The thesis deals with the establishment of a test environment for the implementation of active production, storage, and consumption using a smart home system. The system includes a small-scale solar power plant, a battery storage unit, and electrical consumers. The consumers are selected household appliances that represent major consumers in households and are therefore the subject of consideration. The consumers have built-in connectivity with the smart grid, allowing for active consumption management. Connectivity and integration are provided by the open-source Home Assistant system, which integrates all parts of the smart home. The air conditioning unit, which is part of the system, contains an ESP8266 communication module with ESPhome software installed, ensuring temperature control and operation of the air conditioning unit. At the same time, it returns room temperature data to the home automation system. The purpose of such a system is to optimize production, consumption, charging, and storage of energy. The system represents an alternative to existing household self-sufficient power systems.
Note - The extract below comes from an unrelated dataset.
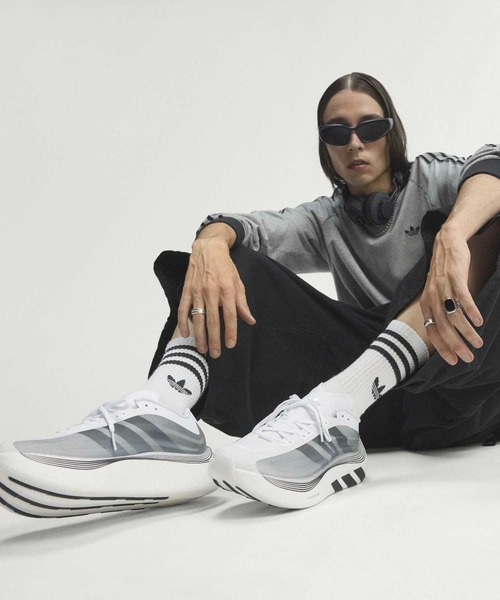 adidas(アディダス)の「ハイパーブースト EPHR LT / HYPERBOOST EPHR LT/ 厚底スニーカー / アディダスオリジナルス adidas Originals(スニーカー・メンズ・ブラック×ホワイト・25.5cm/25.0cm/24.5cm/24.0cm/23.5cm/23.0cm/22.5cm/22.0cm/29.0cm/28.5cm/28.0cm/27.5cm/27.0cm/26.5cm/26.0cm)」の13枚目の写真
The advantages of such a system are lower grid loads and higher energy utilization at the production site.
It describes the planning and setup of the system, its operation, and the connection of the system into a functioning whole. The system also includes a battery storage unit to ensure the highest possible self-sufficiency with electrical energy. The principles of integrating the system into the smart home and automating consumers, as well as production forecasting for consumption optimization, are presented. Methods of managing the solar power plant inverter for changing operation and switching battery charging and discharging are presented.
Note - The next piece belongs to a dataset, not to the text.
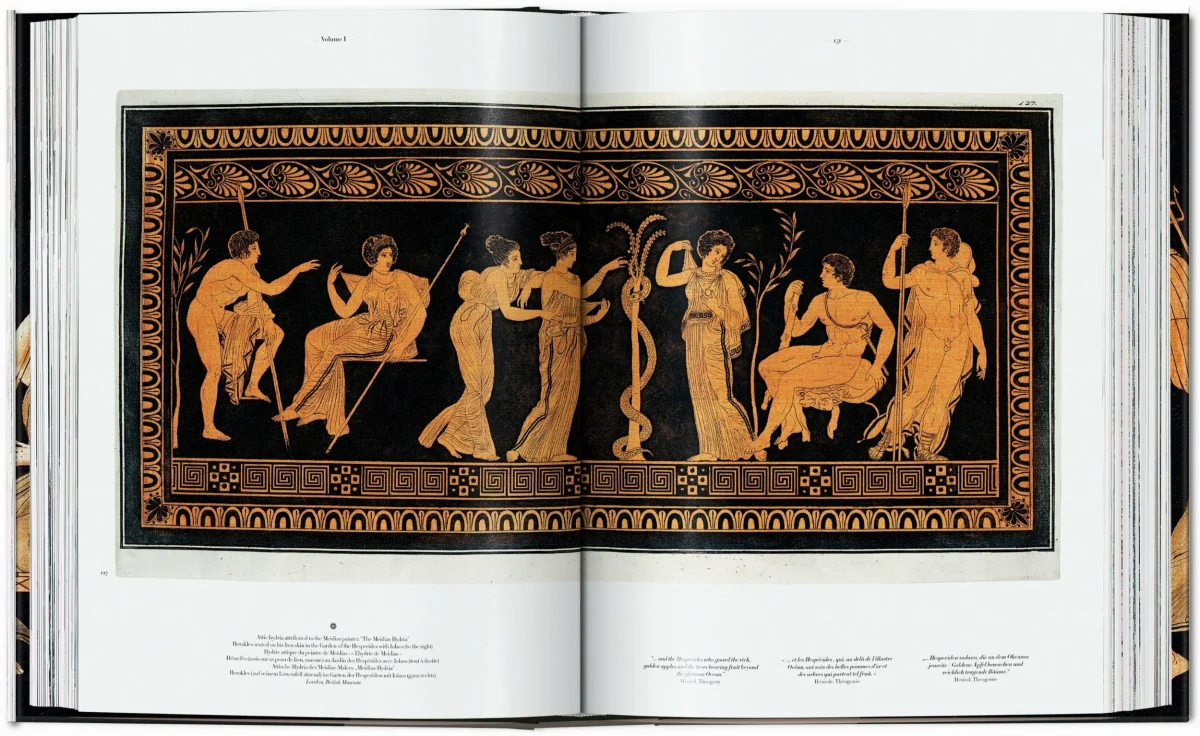 TASCHEN D'Hancarville. The Complete Collection of Antiquities from the Cabinet of Sir William Hamilton Riesige Rabatte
The goal is to establish a system within the smart home framework that will allow for further development of the system, which will be automated and will provide automatic switching and decisions on when to use which source of electrical energy to power the household. This will ensure the highest possible level of self-sufficiency, and when this is not possible due to a lack of solar energy, it will compensate for the shortfall from the grid. Currently, system switches are performed manually based on data provided by the home automation system.
|